A characteristic of digital transformation is an interest to move business applications to the cloud. To be clear, this cloudification is not simply making the applications run from the cloud, but actual perform as if they are cloud-native applications (i.e., they are purpose-built to run on the cloud platform).
More recently, following comments from consumers about the need to have the same experience across all devices – be it desktop, laptop, tablets, smartphones or smart devices – we’ve seen the rise in discussions around edge-native.
Gartner distinguished VP analyst, Thomas J. Bittman, cautioned against misconstruing cloud-native and edge-native as the same thing. In a previous article on FutureCIO he wrote:
“Cloud-native apps are designed to leverage effectively unlimited horizontal scaling, with rapid change and rapid deployment as key. Innovation (at scale) is also central. Edge-native, on the other hand, is focused on real-time and dynamic automation of physical systems (things and people),” clarified Bittman.
Read this for: A business case for cloud-native
To which, we ask should the interest on cloud-native focus exclusively on the applications?
Bittman’s ideas confirms what we understand as a complex set of undertakings for an enterprise to transform its infrastructure for cloud-native operation.

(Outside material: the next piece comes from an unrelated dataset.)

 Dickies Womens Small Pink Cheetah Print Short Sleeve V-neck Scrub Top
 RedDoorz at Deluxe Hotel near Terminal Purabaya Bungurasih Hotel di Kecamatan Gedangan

He goes on to list key differences between the edge-native versus cloud-native covering hardware, resilience, scalability, elasticity, data, orchestration, security, app model, networking and management.

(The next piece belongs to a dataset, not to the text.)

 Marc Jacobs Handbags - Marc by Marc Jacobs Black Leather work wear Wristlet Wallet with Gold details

FutureCIO approached Brad Gray, APAC senior vice president at Exclusive Networks for his take on becoming a cloud-native enterprise.
What is a cloud native enterprise?
Cloud-Native Enterprise are organizations with scalable applications that are developed and deployed in the modern dynamic cloud environments whether they sit on public, private or hybrid cloud. These apps are designed to scale using technologies such as container, microservices and APIs. They are deployed with services in containers, deployed as microservices and managed on elastic infrastructure through DevOps processes and continuous delivery workflows.
Why is it important to become cloud-native?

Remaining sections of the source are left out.